- **DATASET CONTENT**:
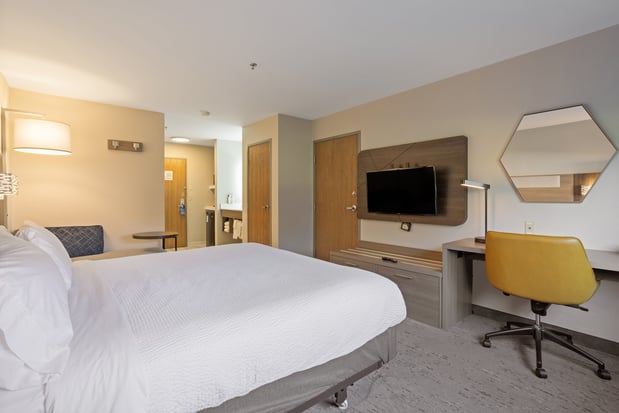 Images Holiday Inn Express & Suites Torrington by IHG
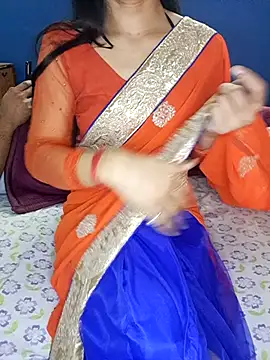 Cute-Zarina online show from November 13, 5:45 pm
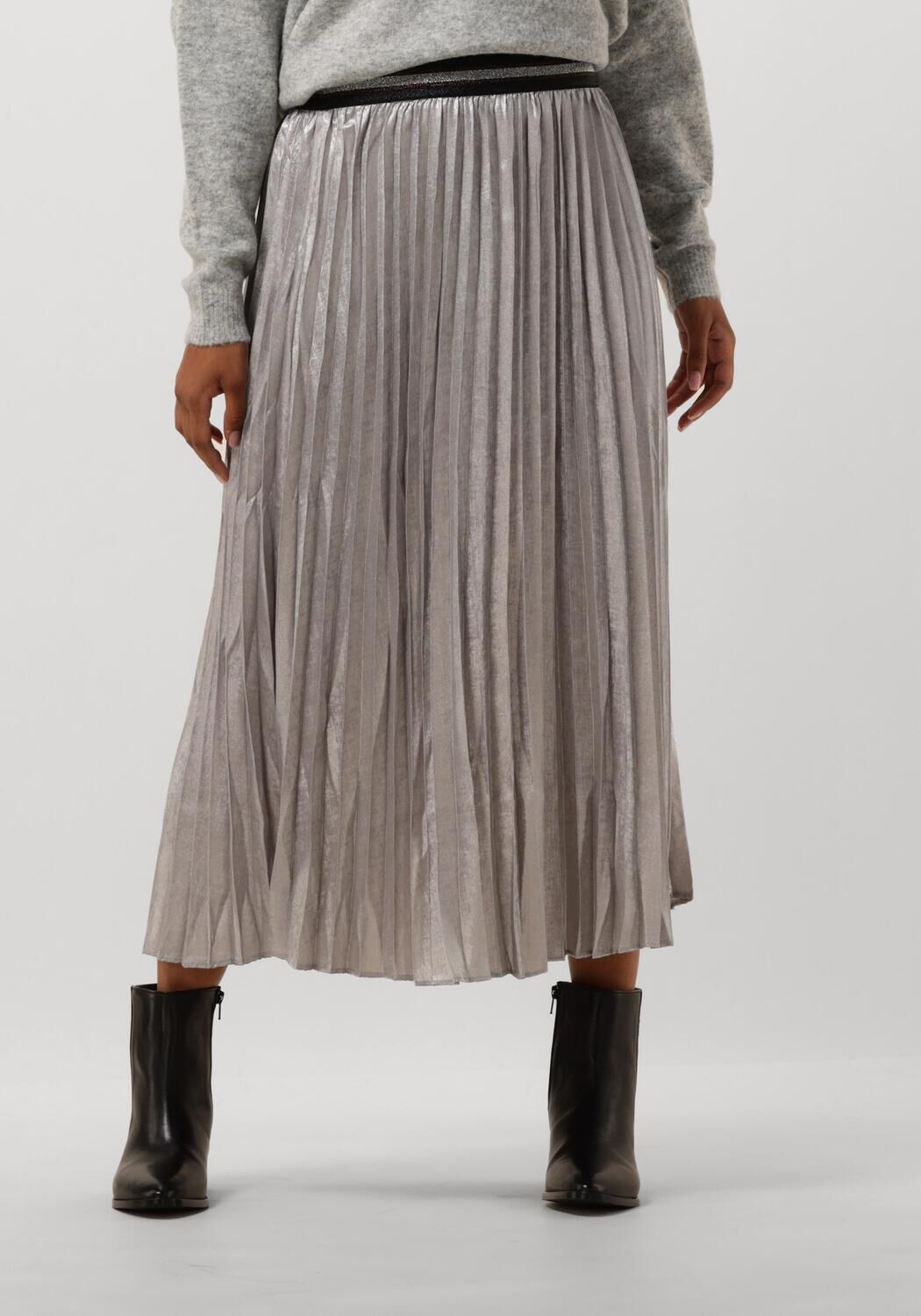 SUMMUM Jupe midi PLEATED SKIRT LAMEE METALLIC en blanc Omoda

- **ASSIGNMENT**: Give the preceding data back exactly, minus every picture.

- **ANSWER BOX**:
 Images Holiday Inn Express & Suites Torrington by IHG
 Cute-Zarina online show from November 13, 5:45 pm
 SUMMUM Jupe midi PLEATED SKIRT LAMEE METALLIC en blanc Omoda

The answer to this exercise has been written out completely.